Valves are also costly to make. In order to manufacture the valve, one machining operation has to be performed to make the valve barrel, and a separate machining operation has to be performed to make the piston. As indicated above, the two parts then have to be soldered together in what is typically a manual operation.

SUMMARY OF THE INVENTION

It is therefore an object of this invention to minimize the costs, assembly requirements, and machine operations associated with manufacturing a piston valve assembly for wind instruments such as trumpets.

It is a further object of this invention to better ensure constant and accurate location of the piston ports relative to the valve casing and the slide.

It is a further object of this invention to reduce the need for a valve alignment job.

It is a further object of this invention to provide an adjustable valve guide to account for any radial misalignment due to inaccuracy in slide positions.

The subject invention results from the realization that an easier to manufacture and more consistently accurate piston valve assembly is effected by machining both the valve head and the piston from one piece of stock material and that any radial misalignment due to slide inaccuracy can be accommodated by a novel adjustable valve guide.

The subject invention, however, in other embodiments, need not achieve all these objectives and the claims hereof should not be limited to structures or methods capable of achieving these objectives.

This subject invention features a musical instrument piston valve receivable in a valve casing.

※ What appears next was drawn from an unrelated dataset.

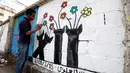 Seorang seniman melukis grafiti pada dinding di Ibu Kota Sanaa, Yaman, Kamis (15/3). Kampanye ini untuk mendukung perdamaian di negara yang terkena dampak perang. (Mohammed HUWAIS/AFP)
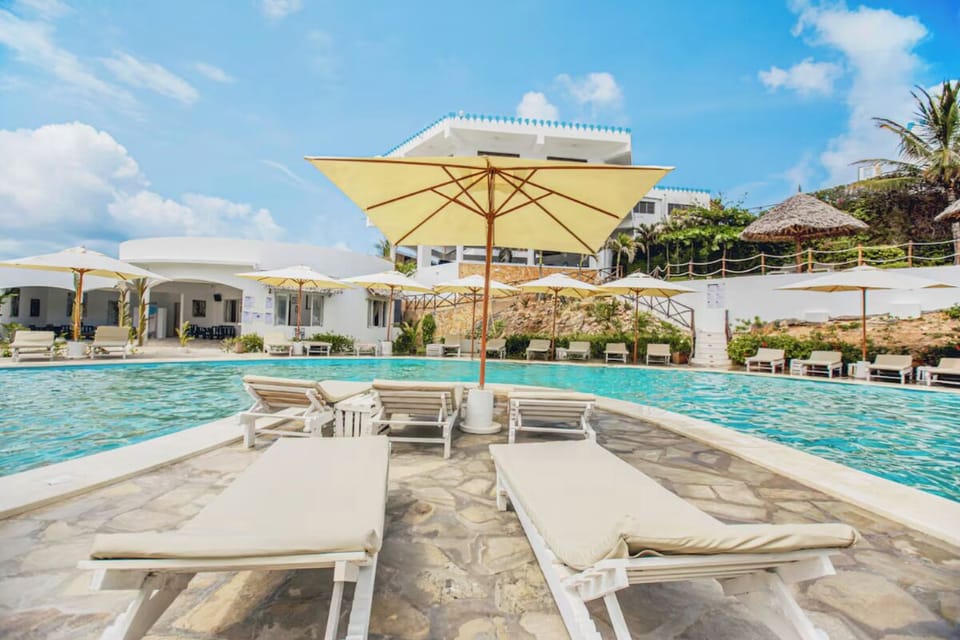Stretch out poolside and savor laid-back resort lounging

The typical valve includes a valve stem, a valve barrel connected to the valve stem, and a valve guide slidably disposed with respect to the valve barrel. A spring in the valve barrel extends between the valve stem and the valve guide. A piston extends from the valve barrel and includes one or more ports. There are also means for adjusting the angular orientation of the piston in the valve casing.

In one preferred embodiment, the piston and the valve barrel are monolithic in construction and the means for adjusting includes a novel adjustable valve guide.

One adjustable valve guide includes at least one valve casing key extending therefrom for setting the radial orientation of the piston in the valve casing and at least one extending stop member for setting the longitudinal orientation of the piston in the valve casing. Typically the casing key is adjustable with respect to the stop member.

In one example, the adjustable valve guide includes a first plate including the valve casing key and a second plate including the stop member and a fastener allowing adjustment of the first plate relative to the second plate and for fixing the first plate to the second plate when the piston is correctly aligned in the valve casing. Typically, the first plate includes a threaded hole therein, the second plate includes a clearance hole therethrough, and the fastener has a head seated on the second plate, and a shaft extending through the clearance hole and into the threaded hole of the first plate for tightening and untightening the fastener through the valve head.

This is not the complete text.